Plus inquiétant encore, le vice-ministre des affaires étrangères, Andrzej Szejn, a adressé un « herzlich wilkommen » (« bienvenue chaleureuse ») aux Allemands. (« bienvenue chaleureuse ») aux troupes allemandes au milieu du mois dernier si elles veulent se déployer de façon permanente dans son pays, comme elles viennent d’accepter de le faire dans la Lituanie voisine. La seule possibilité d’atténuer de manière préventive la colère de l’opinion publique face à cette violation sans précédent de la mémoire historique et de la souveraineté de la Pologne est de jouer la carte de la Russie, qui plaît malheureusement à de nombreux nationalistes conservateurs.

Quoi qu’il en soit, l’opposition est bien consciente des astuces narratives du régime Tusk et il est peu probable qu’elle tombe dans le piège de ses discours alarmistes sur une invasion russe de leur pays à partir de l’Ukraine, bien qu’il faille également dire que l’ancien gouvernement s’appuyait sur une rhétorique similaire pour justifier l’armement de Kiev. Néanmoins, le gouvernement et sa base se sont désintéressés de ce pays à la fin de l’année dernière dans le cadre du différend sur les céréales entre la Pologne et l’Ukraine, et le premier ministre de l’époque a même accusé l’Allemagne de conclure un accord avec l’Ukraine dans le dos de la Pologne.

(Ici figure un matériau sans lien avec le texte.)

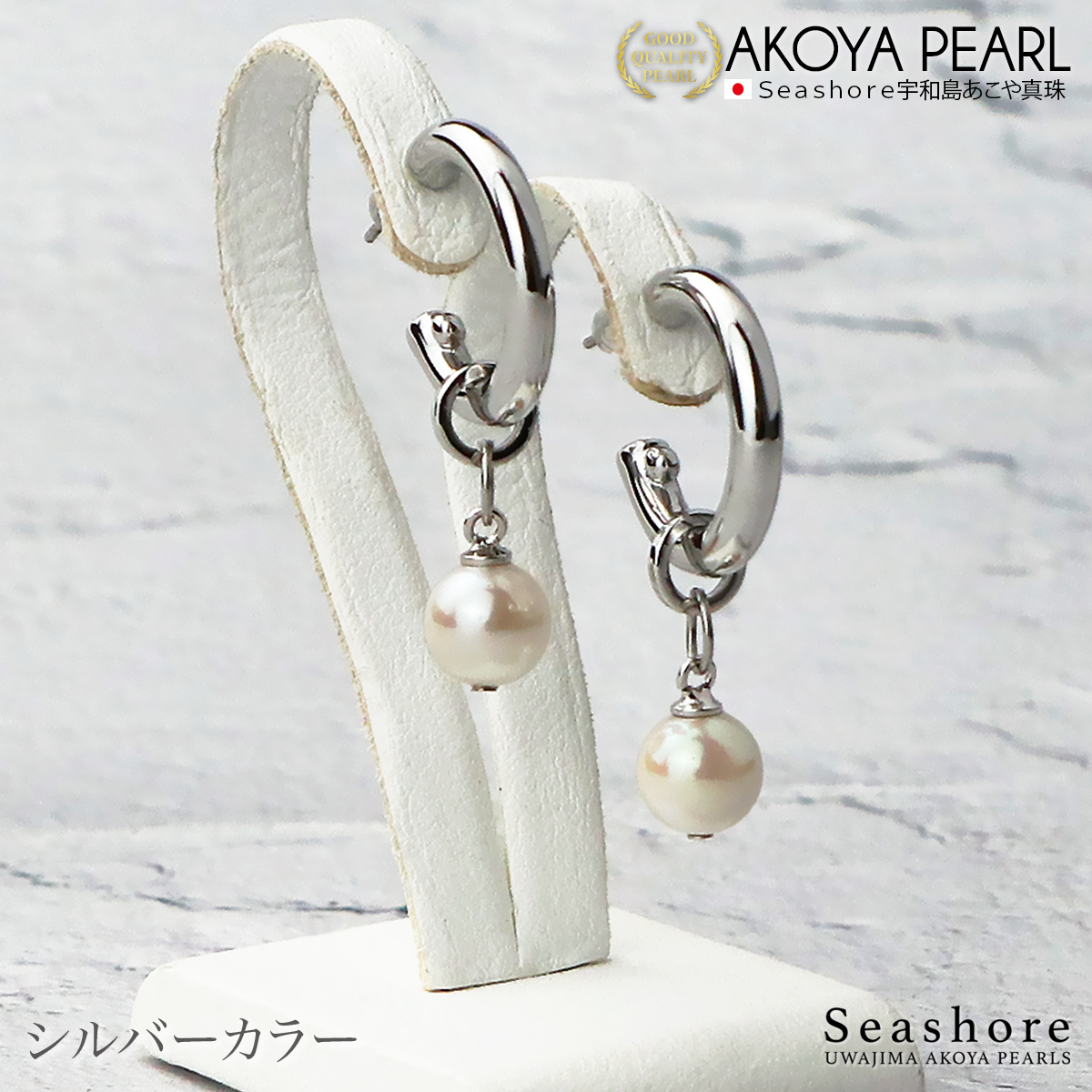 Seashore 宇和島あこや真珠 アコヤ真珠 ピアス レディース ゴールド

Pour ces raisons, le dernier discours alarmiste ne devrait pas produire les résultats escomptés, et l’opposition ferait bien d’exposer au grand jour la manière dont le régime Tusk a subordonné la Pologne à l’Allemagne via le « Schengen militaire » sur une base faussement anti-russe qui consiste en fait à rendre des services à Berlin. Les investissements militaires prévus par le gouvernement précédent étaient censés permettre à la Pologne de devenir le chef de file d’une coalition d’Europe centrale visant à contenir la Russie, centrée sur l' »Initiative des trois mers » (3SI).

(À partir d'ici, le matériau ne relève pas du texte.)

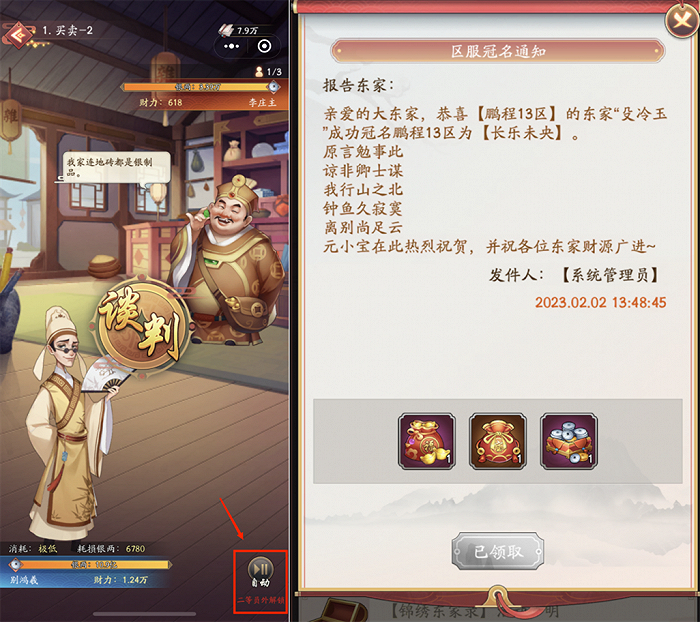 玩家成长需要不停参与“斗富”PK；游戏允许玩家冠名服务器名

Cela aurait alors permis à la Pologne de restaurer son statut de grande puissance perdue depuis longtemps, tout cela dans le but stratégique de créer un nouveau centre d’influence entre l’Allemagne et la Russie, que Varsovie pourrait ensuite exploiter pour un alignement multiple entre eux, les États-Unis, la Chine et la Turquie. Ces plans ont depuis été abandonnés par M. Tusk, qui a préféré subordonner la Pologne à l’Allemagne en faisant en sorte que Berlin prenne le contrôle de la 3SI de Varsovie par le biais du « Schengen militaire » et transforme la Pologne en son plus grand vassal.

Le nouveau rôle géostratégique de son pays est de soutenir la position de leader de l’Allemagne dans l’endiguement de la Russie en Europe centrale. À cette fin, Berlin laissera probablement Varsovie poursuivre son programme d’investissement militaire, mais avec l’intention de soutenir les intérêts allemands plutôt que polonais. Même si la Pologne participe à un « Schengen militaire » étendu jusqu’à l’Estonie, ce sera en tant qu’acolyte de l’Allemagne, et non en tant que pôle d’influence indépendant dans la région, comme l’envisageait son précédent gouvernement.

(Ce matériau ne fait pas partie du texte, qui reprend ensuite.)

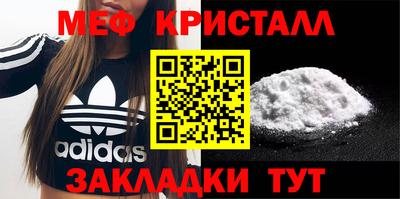 спайс Балаково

Dans l’Europe forteresse d’aujourd’hui, la Pologne joue vis-à-vis de l’Allemagne un rôle similaire à celui que l’Italie fasciste a joué avec les nazis, qui étaient également des partenaires allemands de second rang dont la tâche déléguée était de soulager Berlin d’une partie du fardeau que représentait le contrôle de certaines parties du continent. À l’époque, la « sphère d’influence » de Rome, approuvée par l’Allemagne, se situait en Europe du Sud-Est, tandis que celle de Varsovie restera en Europe centrale. La différence, cependant, est que la nouvelle subordination de la Pologne à l’Allemagne pourrait durer beaucoup plus longtemps que celle de l’Italie.